Nordischer Klang – Ein Fest der nordischen Kulturen 

von NORDfor

von Luise Markwort

Wo liegt der Norden? Was ist nordische Kultur? Dies sind Fragen, die nicht nur in der Skandinavistik kontrovers diskutiert und immer wieder neu beleuchtet werden. Das Kulturfestival Nordischer Klang in Greifswald findet auf diese Fragen ganz eigene Antworten. Dem Programmheft zufolge ist nordische Kultur aktuell Dancehall, Americana, Jazz, Folkrock und Electropop, ein kritischer Blick auf Genderrollen, Kampf für indigene Rechte und vieles mehr.

Dieser Beitrag befasst sich mit der über 30-jährigen Geschichte des Nordischen Klangs in Greifswald und seiner Position zwischen Wissenschaft und Kultur in einem sich ständig wandelnden Ostseeraum. Das Festival bietet mit seiner Anbindung an die Universität Greifswald eine einmalige Möglichkeit für die Studierenden, nicht nur die erforschten Kulturen hautnah zu erleben, sondern auch in die Kulturarbeit einzusteigen.

Schwedenzeit in Greifswald

Als Hansestadt ist Greifswald stark von Skandinavien und dem Norden geprägt: Mit dem westfälischen Frieden 1648 wurde Vorpommern ein Teil Schwedens. Die »Schwedenzeit« dauerte 184 Jahre und wurde durch die territoriale Neuverteilung des Wiener Kongresses beendet. Die Universität in Greifswald (gegründet 1456) diente auch schon zuvor als Brücke nach Skandinavien. Die Spuren sind bis heute sichtbar und so ist es sicherlich kein Zufall, dass 100 Jahre später Deutschlands erstes Institut für Skandinavistik und Fennistik ausgerechnet in Greifswald gegründet wurde. Aus dieser engen Verbindung über die Ostsee hinweg ist auch der Nordische Klang erwachsen.

Die schwedische Musikerin Aurelia Dey bringt mit ihrer Großband AVENUE beim Eröffnungskonzert am 5.5.2023 Themen wie Rassismus und Identität auf die Bühne, hinterlegt mit ghanaischen Afrobeats. (© Nadim Elazzeh)

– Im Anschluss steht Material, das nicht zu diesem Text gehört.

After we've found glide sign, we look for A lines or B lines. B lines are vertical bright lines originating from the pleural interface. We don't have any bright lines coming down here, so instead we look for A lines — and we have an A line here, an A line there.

Der »Klang« ertönt zum ersten Mal

Der Nordische Klang ist heute das wichtigste Festival nordeuropäischer Kulturen außerhalb Nordeuropas. Angefangen hat er aber ganz klein. Mit den politischen Umbrüchen nach 1989 entstanden zum einen neue Möglichkeiten des Zusammenkommens im Ostseeraum, zum anderen wurde es notwendig, die Bedeutung des Instituts nicht nur für die Universität, sondern auch die Stadt zu demonstrieren. Die Sprachlektor_innen veranstalteten an einem Wochenende im Mai 1991 einen »Tag der offenen Tür« mit einem wissenschaftlichen Symposium, einem estnischen Lyriker in Saxophonbegleitung und einem schwedischen Chorkonzert im Dom. Die Stadt war begeistert und die Presse schwärmte von einem »nordischen Klang«, der durch die Stadt strömte. Das Festival war geboren.

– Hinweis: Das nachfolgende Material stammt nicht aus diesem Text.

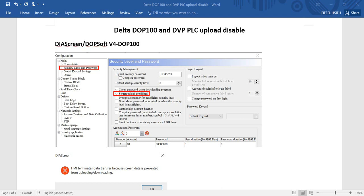Hi everyone, in this topic I will talk about Delta DOP100 HMI and DVP PLC upload disable function. First, I will talk about HMI parts. You can use either ISP Screen or DOPSoft version 4.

Die Sprachlektor_innen des Instituts luden jedes Jahr im Mai Musiker_innen, Künstler_innen und Autor_innen, sowie Wissenschaftler_innen nach Greifswald ein. Angelockt durch persönliche Bekanntschaften und die Faszination Ostdeutschlands, konnten diese der Stadt und den Studierenden die Kulturen des Nordens näher bringen. 1994 übernahm Walter Baumgartner die Professur für Neuere Skandinavische Literaturen und förderte die Professionalisierung des Festivals und die Gründung eines Trägervereins. Die enge Zusammenarbeit mit dem Institut blieb bestehen und wurde durch die räumliche und personale Anbindung gestärkt: Die jetzigen Professoren für Fennistik und Neuere Skandinavische Literaturen, Marko Pantermöller und Clemens Räthel, sind die Vereinsvorsitzenden, und das »Klang-Büro« befindet sich im Institutsgebäude. Die Sprachlektor_innen engagieren sich weiterhin und veranstalten im Rahmen des Klangs u.a. das Informationsforum, um damit »ein Fenster zu den Kulturen im Norden zu öffnen«, wie Marko Pantermöller es nennt. Dieses Jahr kommen Expert_innen aus Schweden, Norwegen, Dänemark, Finnland und Estland an die Universität Greifswald, um über Poetry Slam zu sprechen und Bühnenpoesie zu performen. In den letzten Jahren gab es in diesem Rahmen Veranstaltungen zu Narrativen des Wohlfahrtsstaats, Nordic Noir, HipHop und vielem mehr.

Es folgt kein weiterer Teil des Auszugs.